Dan bukber juga membawa pesan semangat kepedulian sosial, seeprti bukber di masjid yangdigelar selama 29 itu menjadi momen bagi individu atau kelompok untuk memberikan bantuan kepada yang membutuhkan, seperti menyantuni anak yatim atau memberikan makanan kepada mereka yang kurang mampu.Â
Ini merupakan manifestasi dari nilai kepedulian sosial dalam agama Islam.
Di kampung tempat saya tinggal pun secara rutin setiap bulan ramadan selalu ada agenda berbuka bersama. Biasanya kami sebut sebagai "khanduri atau kenduri".Â
Kegiatan di pusatkan di masjid dengan memasak "kuah beulangong", semacam kuah kari yang berisi daging sapi atau kambing. Disebut "kuah beulangong" karena menu tersebut di masak di kuali ukuran jumbo yang bisa dimakan oleh 50 orang.
Bagi anggota keluarga yang laki-laki akan ada undangan untuk makan bersama di masjid, sementara yang perempuan menunggu di rumah karenapada hari yang sama juga dibagikan kuah beulangong untuk keluarga di rumah.
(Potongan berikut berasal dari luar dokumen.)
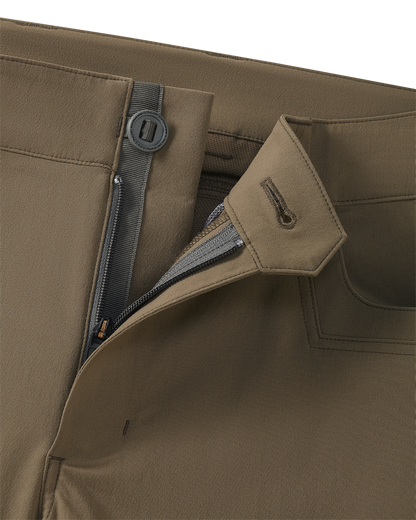 Women’s Kutana Stretch Woven Pant | Vias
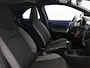 Toyota Aygo X 1.0 VVT-i MT Play | BTW voertuig | Dealer onderhouden | Airco | Apple CarPlay/Android Auto | Cruise Control Adaptive | Achteruitrijcamera | Bluetooth |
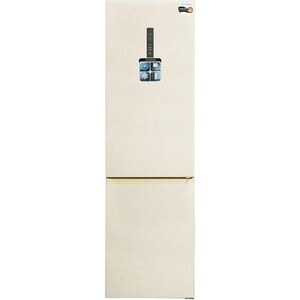 Холодильник Schaub Lorenz SLU C201D0 X холодильник schaub lorenz slu c201d0 g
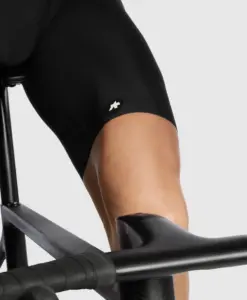EQUIPE RS SCHTRADIVARI BIB SHORTS S11 – Bild 6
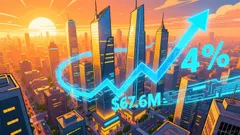 Ooma's Q3 2026: Contradictions Emerge on Acquisition Strategy & Integration Expectations, AirDial Installation Timing & Revenue Impact, AirDial's ARR Contribution, and Core Subscription Growth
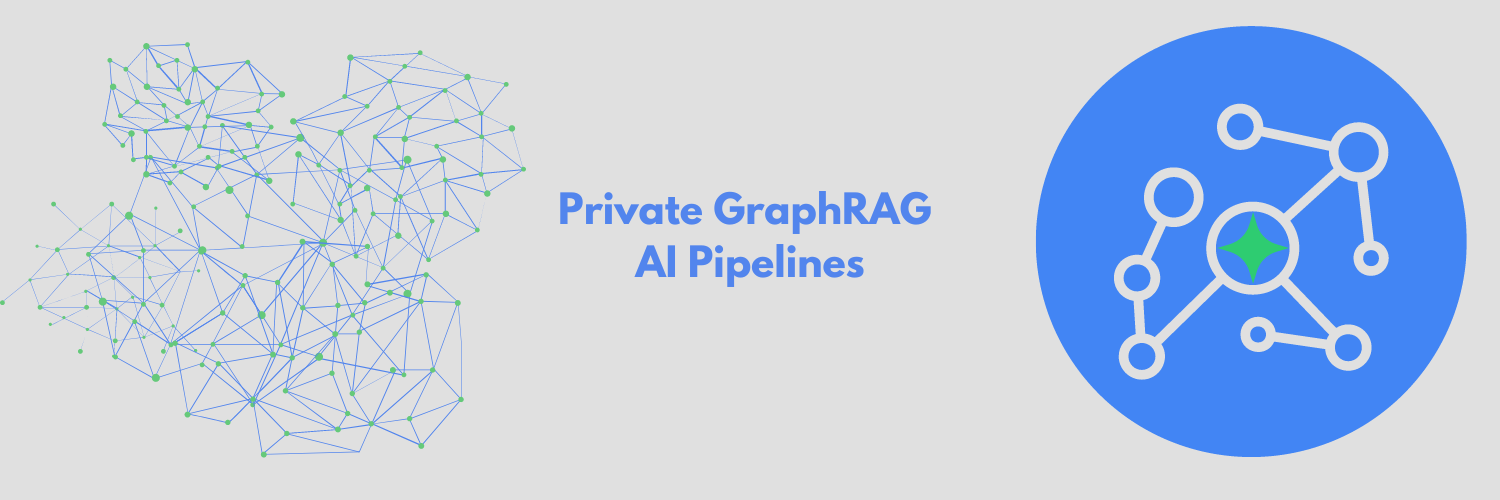 TrustGraph banner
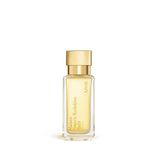 Maison Francis Kurkdjian Apom Edp 35 ml Erkek Parfüm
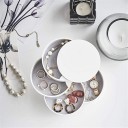 Jewellery Organiser 8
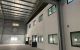 thum-9206659_cNRJn5DBfg_1754037100.jpg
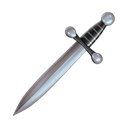 apple version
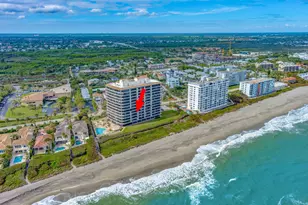 800 Ocean Dr, Juno Beach, FL 33408 - Photo 33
Sehingga semua anggota keluarga kebagian ikut ber-kenduri bukber itu.
Biasanya antar kampung saling mengundang koleganya untuk ikut dalam bukber tersebut, sebagai salah satu tradisi membangun silaturahmi  dan menguatkan ikatan sosial.
Sementara masing-masing rumah, diberi keleluasaan apakah juga akan mengundang tamu bagi yang berkecukupan, dan umumnya undangan masih kerabat atau anggota keluarga untuk ikut menikmati suasana kenduri di rumah yang mengundang bukber.
Tradisi itu menjadi momen penuh kenangan, terutama bagi saya dan keluarga, karena biasanya kami menyediakan "bue khulah" atau nasi yang dibungkus daun--semacam nasi timbel. Sebagai makanan utama yang dinikmati bersama lauk dan "kuah beulangong".
Namun sebenarnya penting untuk diingat bahwa nilai atau urgensi suatu acara atau kegiatan seperti bukber bisa sangat bervariasi tergantung pada konteks dan sudut pandang kita.
Namun bukber bersama sahabat lama patut selalu diagendakan sebagai kesempatan kita menguatkan silaturahmi, dalam kesempatan yang langka setiap tahunnya saat ramadan. Selamat bersilaturahmi kembali.